(Data excerpts)
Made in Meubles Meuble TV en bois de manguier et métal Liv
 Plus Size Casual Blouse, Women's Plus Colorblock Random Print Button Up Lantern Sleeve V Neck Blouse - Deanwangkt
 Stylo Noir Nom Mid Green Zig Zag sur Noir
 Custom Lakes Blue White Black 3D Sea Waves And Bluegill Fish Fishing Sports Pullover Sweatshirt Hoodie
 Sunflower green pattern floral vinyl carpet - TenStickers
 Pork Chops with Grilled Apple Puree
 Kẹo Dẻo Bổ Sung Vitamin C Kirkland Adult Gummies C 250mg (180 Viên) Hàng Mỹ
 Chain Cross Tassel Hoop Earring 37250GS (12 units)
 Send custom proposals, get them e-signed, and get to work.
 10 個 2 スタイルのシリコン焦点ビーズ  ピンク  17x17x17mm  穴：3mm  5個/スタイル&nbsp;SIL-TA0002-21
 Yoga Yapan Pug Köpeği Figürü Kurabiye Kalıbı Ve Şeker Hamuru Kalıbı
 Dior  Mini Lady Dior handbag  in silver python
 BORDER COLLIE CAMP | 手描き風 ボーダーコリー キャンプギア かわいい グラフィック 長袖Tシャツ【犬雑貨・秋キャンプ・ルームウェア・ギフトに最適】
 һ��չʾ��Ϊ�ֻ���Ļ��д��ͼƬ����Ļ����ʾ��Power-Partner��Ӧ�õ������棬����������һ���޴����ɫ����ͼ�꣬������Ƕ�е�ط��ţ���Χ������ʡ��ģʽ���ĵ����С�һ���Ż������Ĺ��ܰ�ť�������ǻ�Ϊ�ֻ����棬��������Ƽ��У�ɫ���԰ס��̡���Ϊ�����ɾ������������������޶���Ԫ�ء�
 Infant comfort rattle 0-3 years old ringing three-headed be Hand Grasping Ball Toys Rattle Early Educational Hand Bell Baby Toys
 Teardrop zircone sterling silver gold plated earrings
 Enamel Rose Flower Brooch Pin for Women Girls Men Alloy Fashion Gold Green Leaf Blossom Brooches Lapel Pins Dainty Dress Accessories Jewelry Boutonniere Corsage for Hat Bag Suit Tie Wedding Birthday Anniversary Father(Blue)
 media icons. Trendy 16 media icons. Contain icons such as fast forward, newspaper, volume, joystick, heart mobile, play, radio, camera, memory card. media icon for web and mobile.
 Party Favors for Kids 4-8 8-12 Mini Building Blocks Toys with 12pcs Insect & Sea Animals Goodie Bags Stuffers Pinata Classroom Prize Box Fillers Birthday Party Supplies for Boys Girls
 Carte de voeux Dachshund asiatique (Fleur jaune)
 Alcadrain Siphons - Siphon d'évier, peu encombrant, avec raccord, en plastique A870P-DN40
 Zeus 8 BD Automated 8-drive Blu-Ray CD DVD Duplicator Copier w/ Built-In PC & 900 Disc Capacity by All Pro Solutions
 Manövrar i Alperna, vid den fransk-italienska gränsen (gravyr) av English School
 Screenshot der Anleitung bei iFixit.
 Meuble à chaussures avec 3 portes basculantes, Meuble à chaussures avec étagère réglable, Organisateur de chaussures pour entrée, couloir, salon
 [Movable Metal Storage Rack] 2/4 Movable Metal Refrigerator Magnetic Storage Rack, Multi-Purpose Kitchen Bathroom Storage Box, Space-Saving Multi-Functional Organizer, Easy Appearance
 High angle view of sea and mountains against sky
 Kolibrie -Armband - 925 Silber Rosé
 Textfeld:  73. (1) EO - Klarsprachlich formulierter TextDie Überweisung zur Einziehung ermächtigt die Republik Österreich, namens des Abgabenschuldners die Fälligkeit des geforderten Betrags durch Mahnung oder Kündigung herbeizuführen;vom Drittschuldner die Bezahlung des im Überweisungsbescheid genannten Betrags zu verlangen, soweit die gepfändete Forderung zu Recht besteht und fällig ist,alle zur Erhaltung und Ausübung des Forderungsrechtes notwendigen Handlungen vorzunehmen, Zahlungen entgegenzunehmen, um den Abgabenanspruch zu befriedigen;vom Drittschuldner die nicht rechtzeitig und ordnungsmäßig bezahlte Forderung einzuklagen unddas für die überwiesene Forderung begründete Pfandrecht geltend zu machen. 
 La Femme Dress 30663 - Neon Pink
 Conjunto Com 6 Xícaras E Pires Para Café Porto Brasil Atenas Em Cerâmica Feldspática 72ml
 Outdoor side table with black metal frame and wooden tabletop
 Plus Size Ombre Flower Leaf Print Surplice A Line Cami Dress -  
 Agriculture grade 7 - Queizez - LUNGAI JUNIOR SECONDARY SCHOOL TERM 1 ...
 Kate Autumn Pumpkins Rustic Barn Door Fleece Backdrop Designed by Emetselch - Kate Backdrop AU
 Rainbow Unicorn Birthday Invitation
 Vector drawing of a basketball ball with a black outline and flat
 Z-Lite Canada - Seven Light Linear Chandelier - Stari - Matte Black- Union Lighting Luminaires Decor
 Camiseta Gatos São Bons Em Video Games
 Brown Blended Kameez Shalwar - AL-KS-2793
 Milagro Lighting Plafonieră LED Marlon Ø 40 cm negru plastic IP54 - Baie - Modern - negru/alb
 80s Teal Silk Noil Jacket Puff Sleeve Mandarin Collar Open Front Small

*What you need to do*
Each record above must be given again exactly as written.

*Output*
Made in Meubles Meuble TV en bois de manguier et métal Liv
 Plus Size Casual Blouse, Women's Plus Colorblock Random Print Button Up Lantern Sleeve V Neck Blouse - Deanwangkt
 Stylo Noir Nom Mid Green Zig Zag sur Noir
 Custom Lakes Blue White Black 3D Sea Waves And Bluegill Fish Fishing Sports Pullover Sweatshirt Hoodie
 Sunflower green pattern floral vinyl carpet - TenStickers
 Pork Chops with Grilled Apple Puree
 Kẹo Dẻo Bổ Sung Vitamin C Kirkland Adult Gummies C 250mg (180 Viên) Hàng Mỹ
 Chain Cross Tassel Hoop Earring 37250GS (12 units)
 Send custom proposals, get them e-signed, and get to work.
 10 個 2 スタイルのシリコン焦点ビーズ  ピンク  17x17x17mm  穴：3mm  5個/スタイル&nbsp;SIL-TA0002-21
 Yoga Yapan Pug Köpeği Figürü Kurabiye Kalıbı Ve Şeker Hamuru Kalıbı
 Dior  Mini Lady Dior handbag  in silver python
 BORDER COLLIE CAMP | 手描き風 ボーダーコリー キャンプギア かわいい グラフィック 長袖Tシャツ【犬雑貨・秋キャンプ・ルームウェア・ギフトに最適】
 һ��չʾ��Ϊ�ֻ���Ļ��д��ͼƬ����Ļ����ʾ��Power-Partner��Ӧ�õ������棬����������һ���޴����ɫ����ͼ�꣬������Ƕ�е�ط��ţ���Χ������ʡ��ģʽ���ĵ����С�һ���Ż������Ĺ��ܰ�ť�������ǻ�Ϊ�ֻ����棬��������Ƽ��У�ɫ���԰ס��̡���Ϊ�����ɾ������������������޶���Ԫ�ء�
 Infant comfort rattle 0-3 years old ringing three-headed be Hand Grasping Ball Toys Rattle Early Educational Hand Bell Baby Toys
 Teardrop zircone sterling silver gold plated earrings
 Enamel Rose Flower Brooch Pin for Women Girls Men Alloy Fashion Gold Green Leaf Blossom Brooches Lapel Pins Dainty Dress Accessories Jewelry Boutonniere Corsage for Hat Bag Suit Tie Wedding Birthday Anniversary Father(Blue)
 media icons. Trendy 16 media icons. Contain icons such as fast forward, newspaper, volume, joystick, heart mobile, play, radio, camera, memory card. media icon for web and mobile.
 Party Favors for Kids 4-8 8-12 Mini Building Blocks Toys with 12pcs Insect & Sea Animals Goodie Bags Stuffers Pinata Classroom Prize Box Fillers Birthday Party Supplies for Boys Girls
 Carte de voeux Dachshund asiatique (Fleur jaune)
 Alcadrain Siphons - Siphon d'évier, peu encombrant, avec raccord, en plastique A870P-DN40
 Zeus 8 BD Automated 8-drive Blu-Ray CD DVD Duplicator Copier w/ Built-In PC & 900 Disc Capacity by All Pro Solutions
 Manövrar i Alperna, vid den fransk-italienska gränsen (gravyr) av English School
 Screenshot der Anleitung bei iFixit.
 Meuble à chaussures avec 3 portes basculantes, Meuble à chaussures avec étagère réglable, Organisateur de chaussures pour entrée, couloir, salon
 [Movable Metal Storage Rack] 2/4 Movable Metal Refrigerator Magnetic Storage Rack, Multi-Purpose Kitchen Bathroom Storage Box, Space-Saving Multi-Functional Organizer, Easy Appearance
 High angle view of sea and mountains against sky
 Kolibrie -Armband - 925 Silber Rosé
 Textfeld:  73. (1) EO - Klarsprachlich formulierter TextDie Überweisung zur Einziehung ermächtigt die Republik Österreich, namens des Abgabenschuldners die Fälligkeit des geforderten Betrags durch Mahnung oder Kündigung herbeizuführen;vom Drittschuldner die Bezahlung des im Überweisungsbescheid genannten Betrags zu verlangen, soweit die gepfändete Forderung zu Recht besteht und fällig ist,alle zur Erhaltung und Ausübung des Forderungsrechtes notwendigen Handlungen vorzunehmen, Zahlungen entgegenzunehmen, um den Abgabenanspruch zu befriedigen;vom Drittschuldner die nicht rechtzeitig und ordnungsmäßig bezahlte Forderung einzuklagen unddas für die überwiesene Forderung begründete Pfandrecht geltend zu machen. 
 La Femme Dress 30663 - Neon Pink
 Conjunto Com 6 Xícaras E Pires Para Café Porto Brasil Atenas Em Cerâmica Feldspática 72ml
 Outdoor side table with black metal frame and wooden tabletop
 Plus Size Ombre Flower Leaf Print Surplice A Line Cami Dress -  
 Agriculture grade 7 - Queizez - LUNGAI JUNIOR SECONDARY SCHOOL TERM 1 ...
 Kate Autumn Pumpkins Rustic Barn Door Fleece Backdrop Designed by Emetselch - Kate Backdrop AU
 Rainbow Unicorn Birthday Invitation
 Vector drawing of a basketball ball with a black outline and flat
 Z-Lite Canada - Seven Light Linear Chandelier - Stari - Matte Black- Union Lighting Luminaires Decor
 Camiseta Gatos São Bons Em Video Games
 Brown Blended Kameez Shalwar - AL-KS-2793
 Milagro Lighting Plafonieră LED Marlon Ø 40 cm negru plastic IP54 - Baie - Modern - negru/alb
 80s Teal Silk Noil Jacket Puff Sleeve Mandarin Collar Open Front Small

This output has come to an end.